The main idea behind Reversibility is that big, immutable projects and pushes run lower risk if they’re sliced into smaller pieces that can be rolled back, changed, fixed, and even redeployed before they inflict damage. It’s a philosophy and a cultural decision that should reflect everything from the teams you build to the software you create, from how you develop your monitoring systems to how you design and implement your APIs.
Visibility Reduces Risk
Most traditional software development processes are focused on limiting or managing complexity with an overall goal of identifying as much risk up front as possible, a time-consuming and painstaking process that doesn’t cover all your bases. Moreover, the highly elastic, widely distributed, and scale-out nature of modern applications makes it near impossible to know the impact dependencies will have on performance prior to deployment. And, even if you do know the probability of an issue prior to release, chances are that probability can only be applied to part of the infrastructure, architecture, or software, not your entire service. Reversibility gives organizations the confidence to get creative and try new things with less fear of error or harming the customer’s experience.
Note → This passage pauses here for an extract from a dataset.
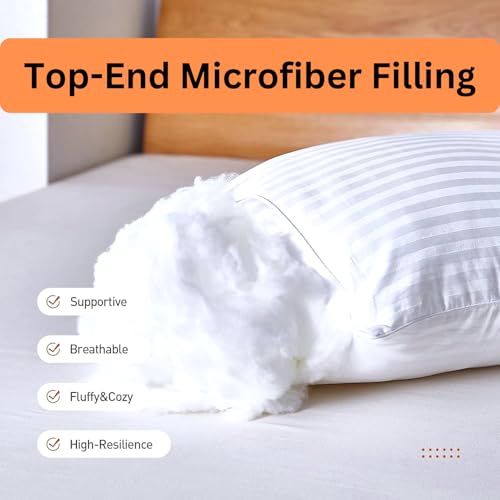 AJISH Stripe White Bed Pillows for Sleeping Standard Size Set of 2, 17 X 27 Inch - Ultra Soft Cooling Hotel Quality - Gusseted Microfiber Pillow for Back, Stomach or Side Sleepers, Easy Care - Image 3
In this way, developing methods that support Reversibility becomes more important than ever for any organization building or scaling a cloud application. This is doubly true for architectures that incorporate containers and microservices, which tend to have a lifetime of hours or even minutes. If you want the speed and agility that come with a modern runtime environment, a Reversibility strategy serves as a buffer and a safeguard.
We should also recognize that the Reversibility safety net is not only in service of moving faster and becoming more flexible. Reversibility, paired with the right level of visibility, is also a requirement for supporting today’s elastic cloud environments. The scalable, ephemeral nature of the cloud means that problems will inevitably happen sooner than later, and a plan for identifying, isolating, and acting on performance issues is key to maintaining your operations. Specifically, visibility without the option to reverse a troublesome deployment means that you’ll suffer in the knowledge that a mistake is wreaking havoc on your end-user’s experience. Reversibility without timely and relevant insight means that, when you hear from a customer or your supervisor that there’s a problem, it may take some trial-and-error before you know what to roll back.
Resolving the Agility-Stability Paradox
Reversibility isn’t a concrete practice as much as an ideology supported by the right tools and processes, and it goes hand-in-hand with the goals many enterprises are pursuing of becoming more user-centric, innovating to create value, and responding faster to the market. If you’re an organization that’s embracing DevOps, building and orchestrating a containerized architecture with Docker or Mesos, or developing applications with services like Elasticsearch and Kafka, you’ve hopefully already subscribed to a Reversibility ethos.
In so many ways, Reversibility is the answer to overcoming the agility-stability paradox. We all want to move at breakneck speeds to stay competitive and identify new revenue streams. But we also don’t want to crash and burn, leaving a trail of lost customers and profits along the way. It enables the latest development practices and facilitates digital transformation. Reversibility makes modern technology easier to adopt and ensures enterprises can implement new strategies with minimal operational risk.